• [Data supplied]
━━━━━━━━━━━━━━━━━━━━

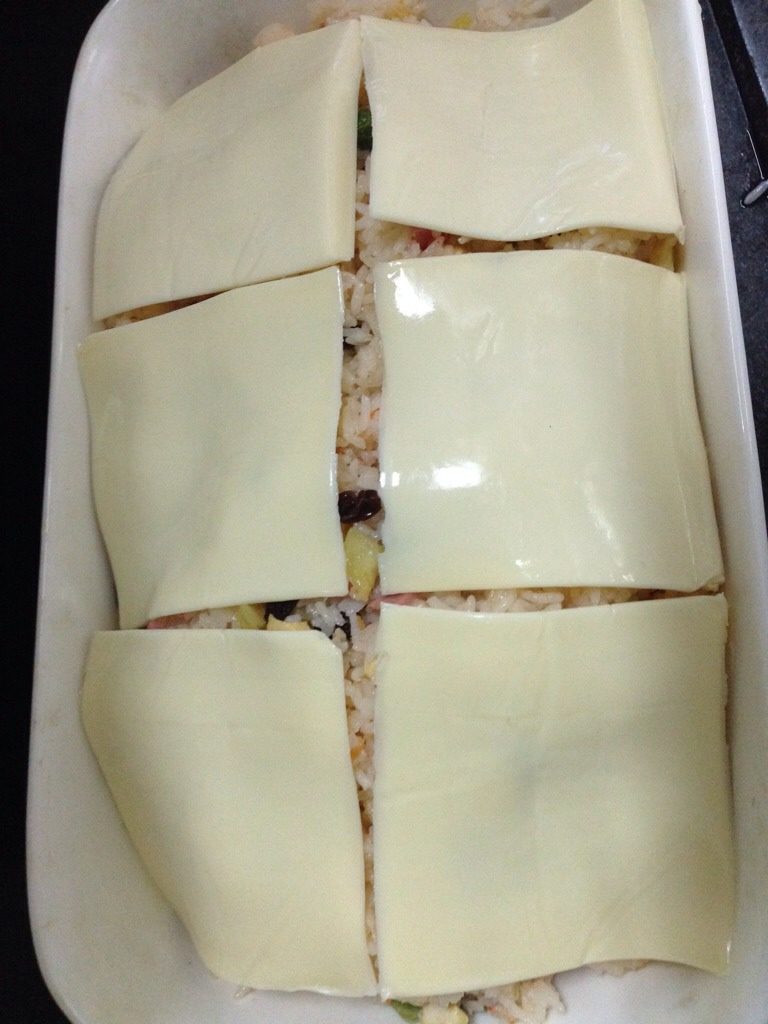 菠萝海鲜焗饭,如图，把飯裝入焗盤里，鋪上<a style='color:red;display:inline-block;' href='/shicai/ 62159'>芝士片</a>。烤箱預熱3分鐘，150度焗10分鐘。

━━━━━━━━━━━━━━━━━━━━

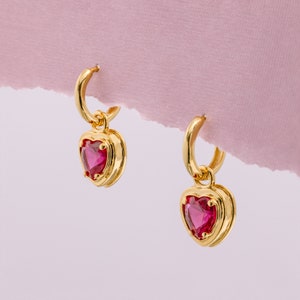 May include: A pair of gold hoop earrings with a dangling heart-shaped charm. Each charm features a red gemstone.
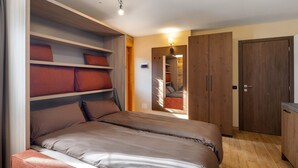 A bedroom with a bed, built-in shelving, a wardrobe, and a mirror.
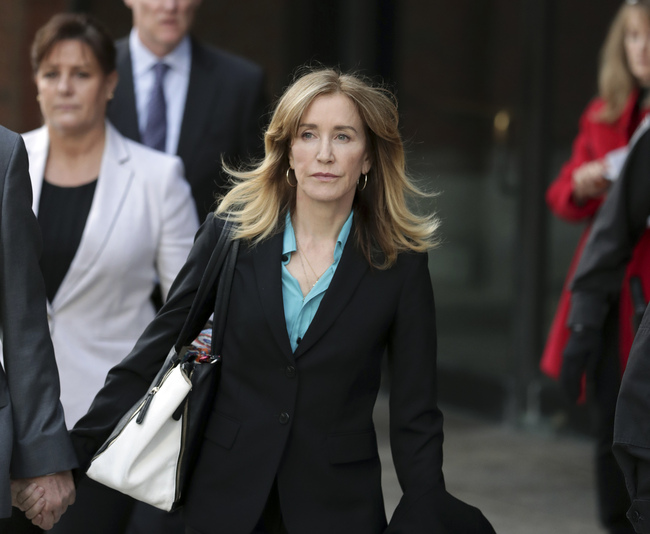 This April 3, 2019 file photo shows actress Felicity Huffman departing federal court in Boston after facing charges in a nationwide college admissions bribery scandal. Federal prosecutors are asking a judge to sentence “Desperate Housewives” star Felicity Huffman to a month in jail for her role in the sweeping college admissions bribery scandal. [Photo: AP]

━━━━━━━━━━━━━━━━━━━━

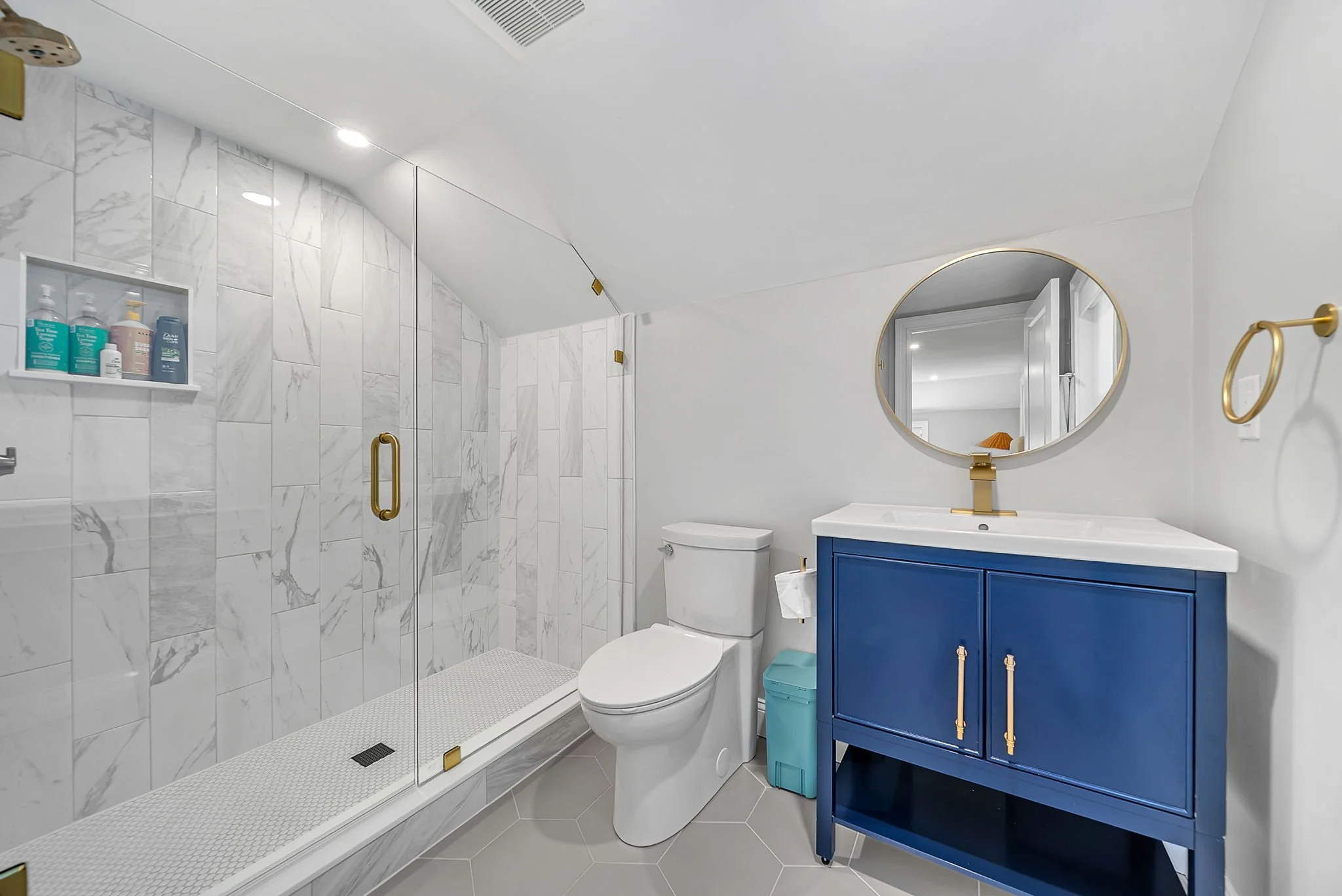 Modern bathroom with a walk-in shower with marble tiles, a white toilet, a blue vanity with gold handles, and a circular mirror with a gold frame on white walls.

━━━━━━━━━━━━━━━━━━━━

• [What needs to be done]
What is needed is an exact copy of the lines above from the one with "A bedroom with" to the one with "This April 3, 2019", both ends kept, and nothing more; please leave the pictures out.

• [Response]
 A bedroom with a bed, built-in shelving, a wardrobe, and a mirror.
 This April 3, 2019 file photo shows actress Felicity Huffman departing federal court in Boston after facing charges in a nationwide college admissions bribery scandal. Federal prosecutors are asking a judge to sentence “Desperate Housewives” star Felicity Huffman to a month in jail for her role in the sweeping college admissions bribery scandal. [Photo: AP]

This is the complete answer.